Green party MP Teanau Tuiono (Image: Anna Rawhiti-Connell)
Green party MP Teanau Tuiono (Image: Anna Rawhiti-Connell)

The BulletinApril 11, 2024

A shocking night in parliament and a victory for fairness

Green party MP Teanau Tuiono (Image: Anna Rawhiti-Connell)
Green party MP Teanau Tuiono (Image: Anna Rawhiti-Connell)

Glad tidings from parliament as a bill introduced by a Green MP to remedy an incredibly unfair law gets support in its first reading from Act and NZ First, writes Anna Rawhiti-Connell in this excerpt from The Bulletin, The Spinoff’s morning news round-up. To receive The Bulletin in full each weekday, sign up here.

Act and NZ First shock parliament

As Alakihihifo Vailala reports for the Pacific Media Network, a landmark bill enabling the restoration of the entitlement to NZ citizenship for Sāmoans born between 1924 and 1948 passed its first reading last night. The bill is a members’ bill from Green party MP Teanau Tuiono. It passed with the support of Labour, the Greens, Te Pāti Māori, Act, and NZ First. National voted against it. As the Herald’s Audrey Young writesAct and NZ First “shocked parliament” in supporting the bill to select committee stage. Young describes the bill, which stripped the automatic right of New Zealand citizenship from Sāmoans born before 1948 and was passed in a rush in 1982 after a Privy Council decision, as “a weeping sore”. Legal expert Graeme Edgeler wrote on the subject for The Spinoff back in 2017, and explains the history and detail of the act. Edgeler described the act as New Zealand’s most racist immigration law.

A long hoped-for gesture

The National/Act/NZ First government has no Pacific MPs. In supporting the first reading of the bill, Act MP Parmjeet Parmar said the party wanted to assess the bill on the basis of equality and fairness. NZ First’s Casey Costello referenced party leader Winston Peters and his advocacy for the Pacific. In Sāmoa, Peters is referred to as Vaovasamanaia, the chief title he was given in 2007. As Madeleine Chapman wrote last year, the repeal of the law was a gesture many had hoped for as part of the Dawn Raids apology in 2021. Instead, two years after the apology, another kick in the teeth was delivered by way of revelations that Immigration NZ was continuing to conduct early morning arrests on suspected overstayers.
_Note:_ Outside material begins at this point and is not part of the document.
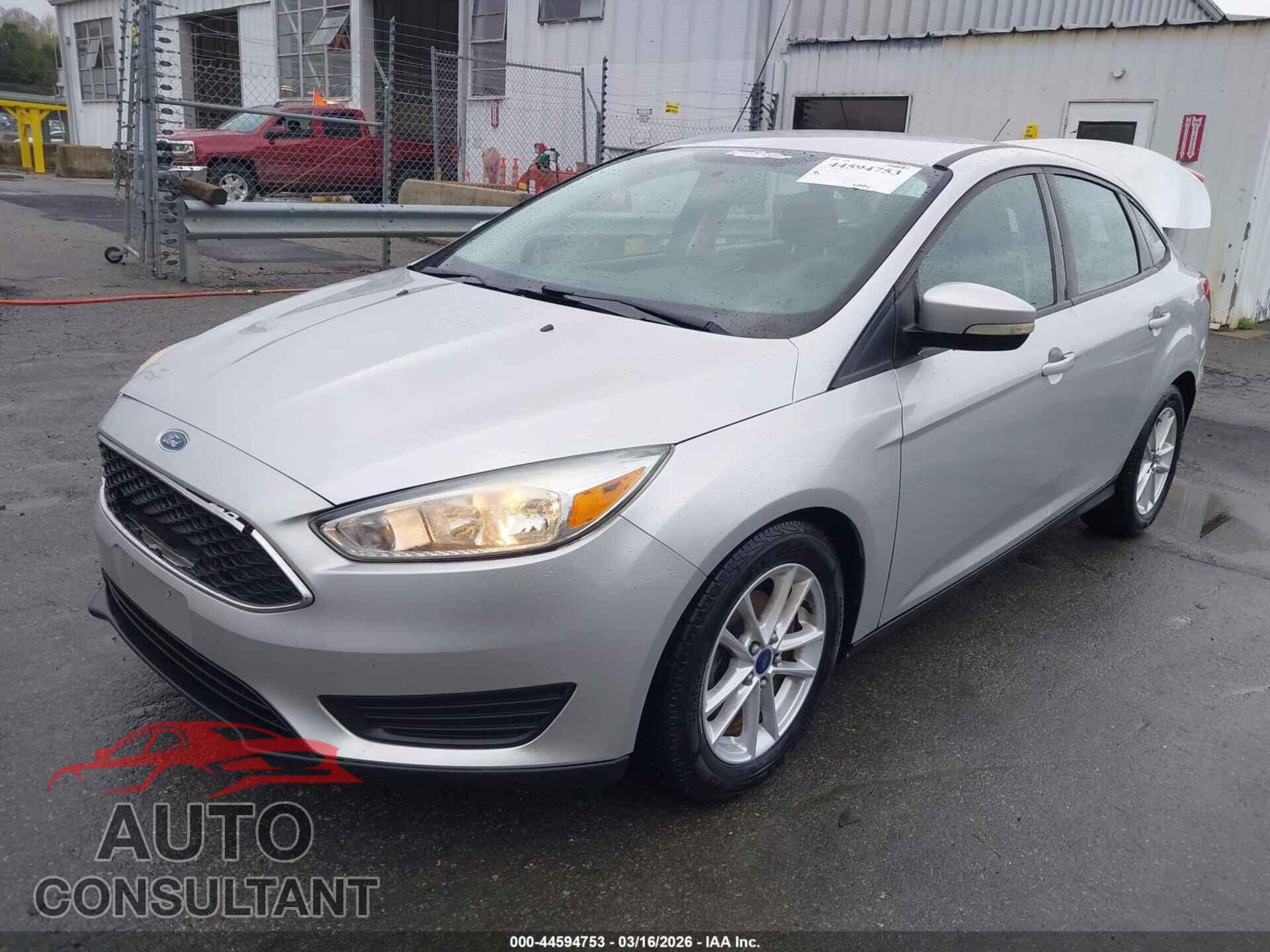 FORD FOCUS 2015 - 1FADP3F20FL376332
In an assessment of why Pacific voter turnout was low in traditional Labour strongholds published last year, Chapman suggested a lack of action might be one of the reasons.  Purely at a political level, National’s lack of support for the repeal bill seems difficult to fathom when an opportunity to further burnish its narrative about the previous government’s preference for words over action was just sitting there.

National’s concern at possible setting of precedent

At a practical level, repealing the bill simply creates a pathway to citizenship for a group of people who are now aged between 76 and 100, thought to number about 5000. National MP Cameron Brewer said the party’s main problem was that the bill was presented as a private member’s bill. Brewer said legal experts would say that retroactively reinstating the citizenship of citizens affected by the act sets a problematic precedent and that the government was focused on managing migration levels. Labour’s Carmel Sepuloni shot back, saying the citizenship was retrospectively taken away in the first place.
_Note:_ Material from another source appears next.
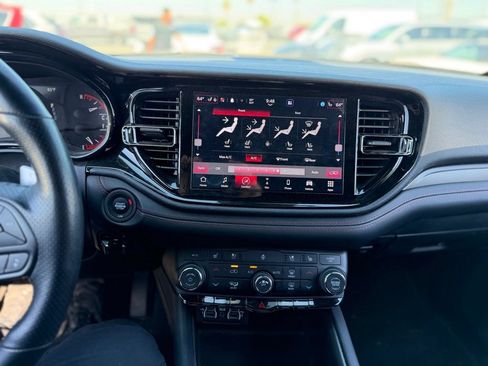 Used 2024 Dodge Durango GT RWD image 8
Amnesty for overstayers still unresolved

As far as I know, the matter of granting amnesty to Pacific overstayers who are victims of changing immigration policy over the years, having travelled here under the impression it would be a pathway to residence, remains unresolved. Labour repeatedly kicked this issue down the road, only announcing a policy in the days before last year’s election to grant an amnesty visa to overstayers who have been in the country for more than 10 years. At the time, Christopher Luxon rejected any amnesty for overstayers saying, “You can’t reward illegal immigration to New Zealand.”